### RECORDED DATA:

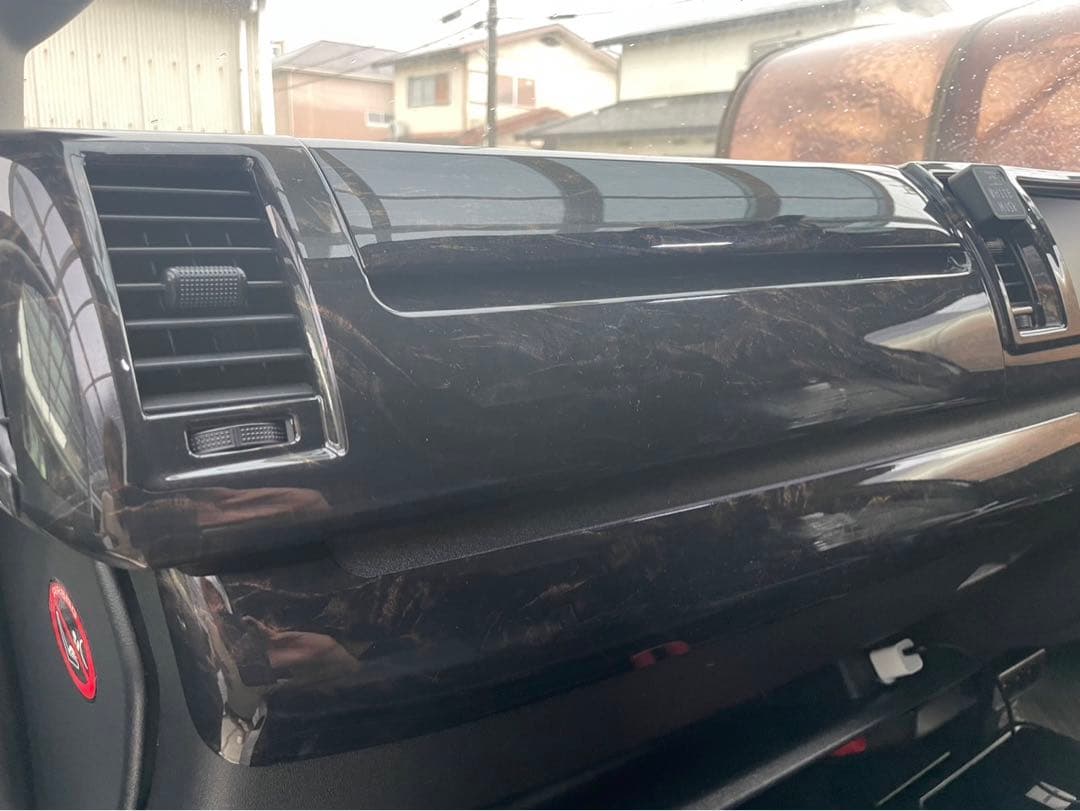 マホガニー調 インパネ ハイエースワゴン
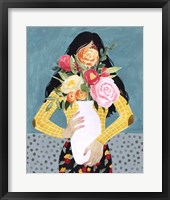 Flower Vase Girl II Framed Print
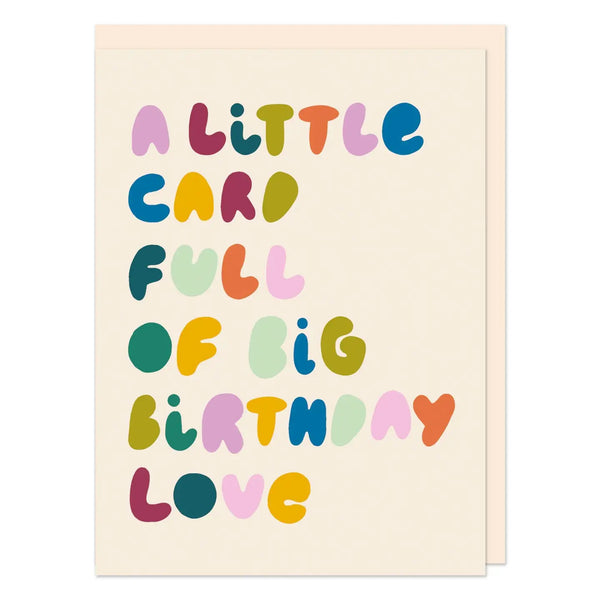 Raspberry Blossom - Little Card Full Of Big Birthday Love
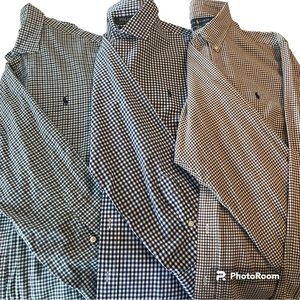 LOT of 3 - Polo Ralph Lauren Mens Button Down Long Sleeve Size: XL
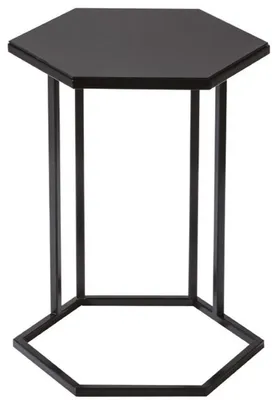 Zdjęcie produktu dla Stolik kawowy – nowoczesny, minimalistyczny, czarny, elegancki, stylowy, wygodny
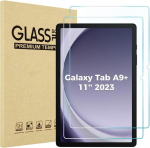 Procase 2 vnt. ekrano apsaugų rinkinys, skirtas Samsung Galaxy Tab A9+ / A9 Plus 11 colių 2023 (sm-x210), 9h grūdinto stiklo ekrano apsauga, skirta 11 colių Galaxy Tab A9 Plus / A9+, apsauginis stiklas, skirtas Tab A9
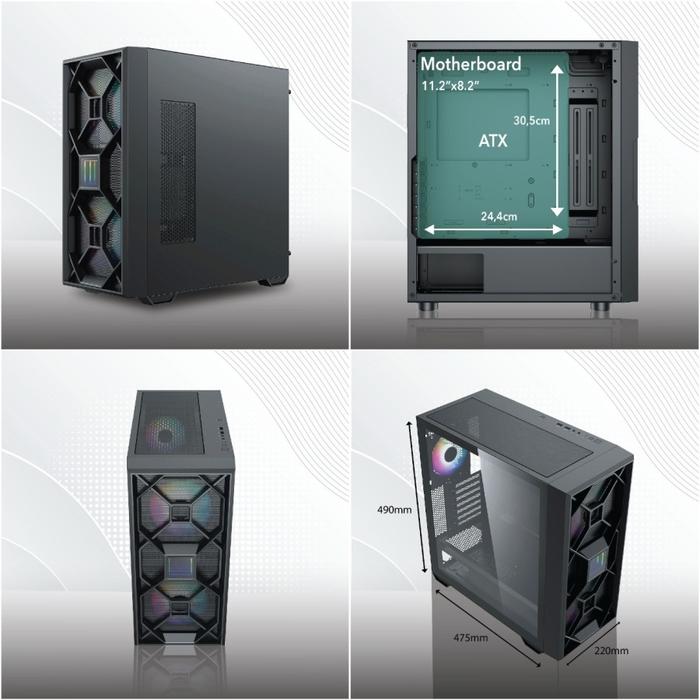 Casing EINAREX MICHIGAN - EATX, ATX, mATX Gaming Case - Image 4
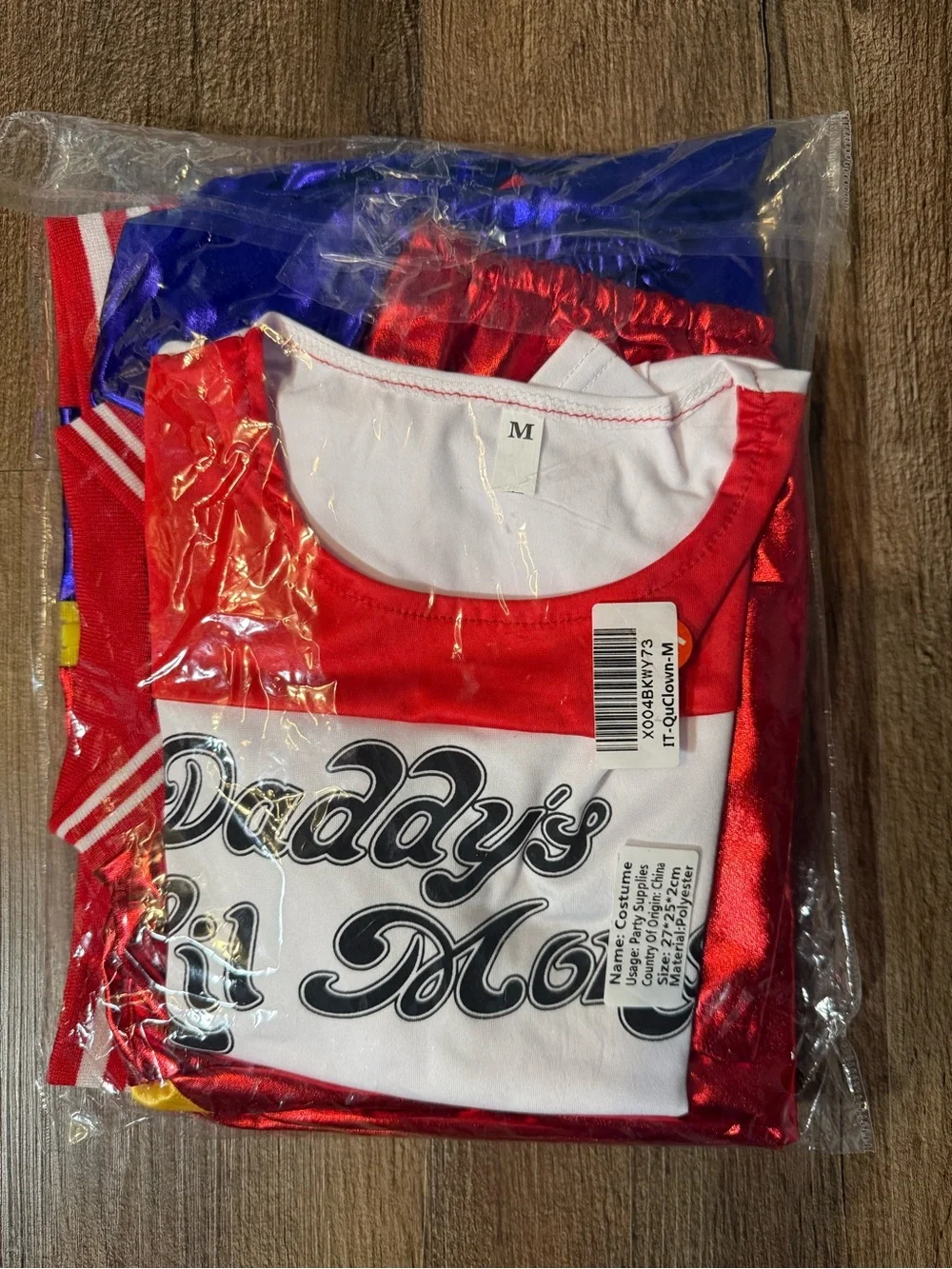 New Kids Red & Blue Shiny Bomber Costume Set - Daddy's Lil Monster size 6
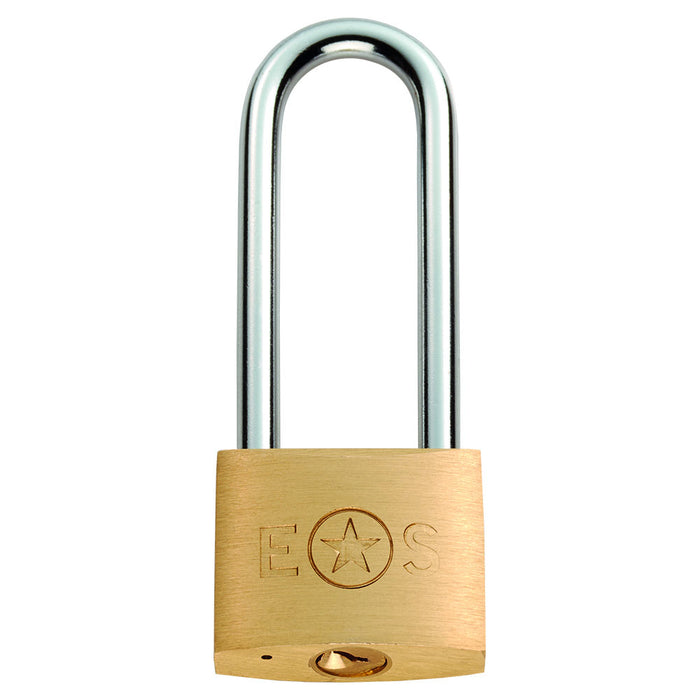 Eurospec Long Shackle Brass Padlock CYPL1051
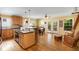 Spacious kitchen with an island, seating and natural light at 1367 Ormewood Se Ave, Atlanta, GA 30316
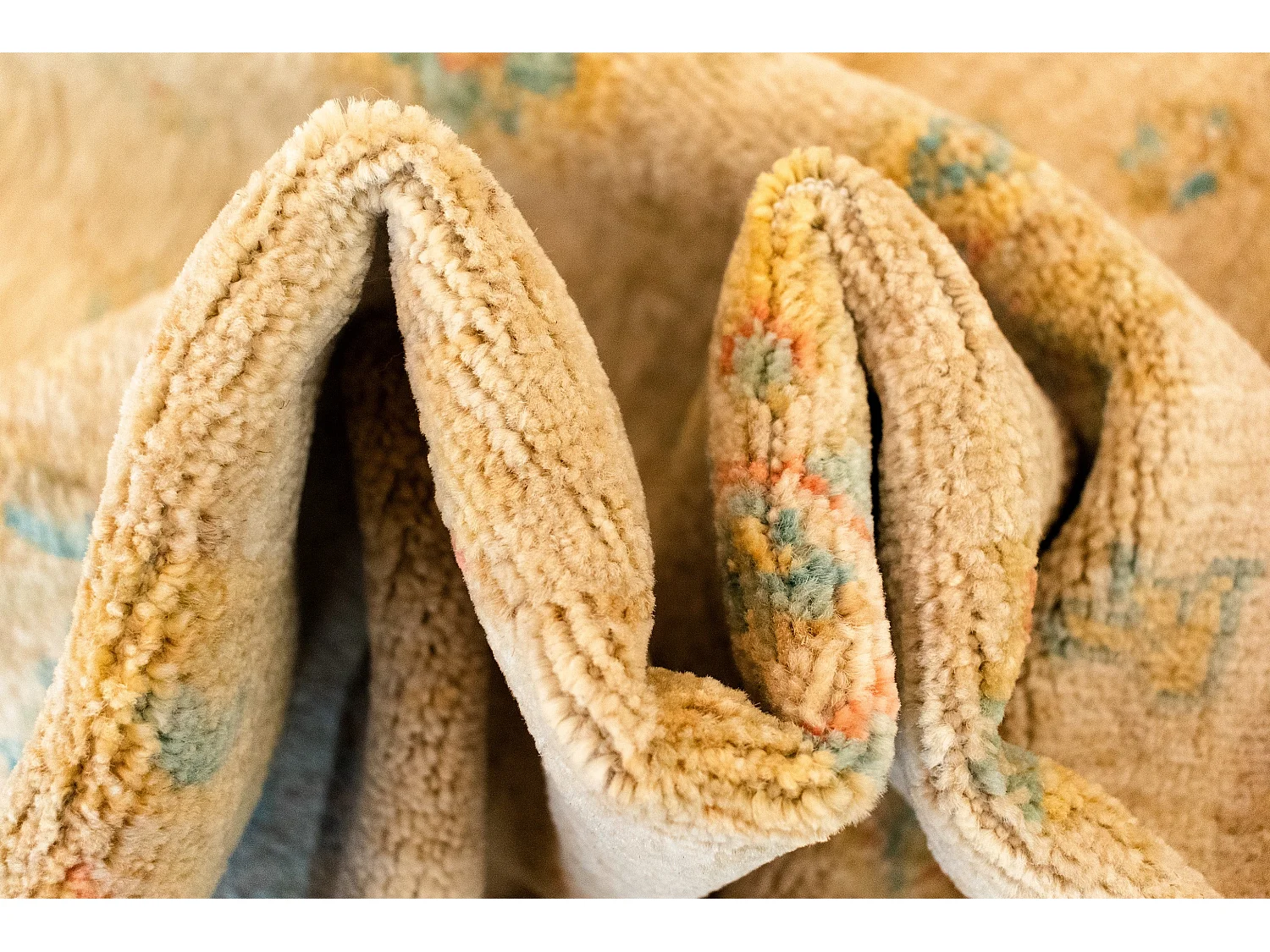 Wollteppich 125x168 Beige Ziegler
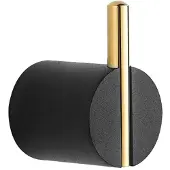 Mexen Aron handdoekhaak, zwart/goud- 7088135-57
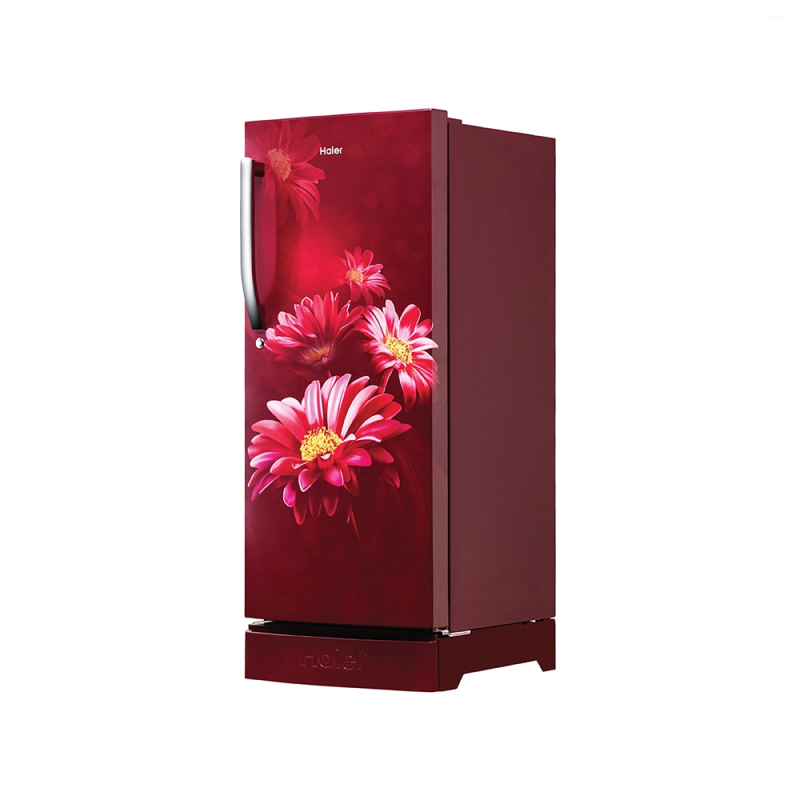 Haier 190 L 5 Star Single Door Direct Cool Refrigerator with Inverter Compressor, 1 Hour Icing, Stabilizer Free Operation & Base Drawer HRD-2105PRHA-P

### THE TASK:
The copy should begin at the line containing "Mexen Aron handdoekhaak, zwart/goud- 7088135-57" and end at the last line of the data above; please restate those lines word for word without the pictures.

### YOUR RESPONSE:
 Mexen Aron handdoekhaak, zwart/goud- 7088135-57
 Haier 190 L 5 Star Single Door Direct Cool Refrigerator with Inverter Compressor, 1 Hour Icing, Stabilizer Free Operation & Base Drawer HRD-2105PRHA-P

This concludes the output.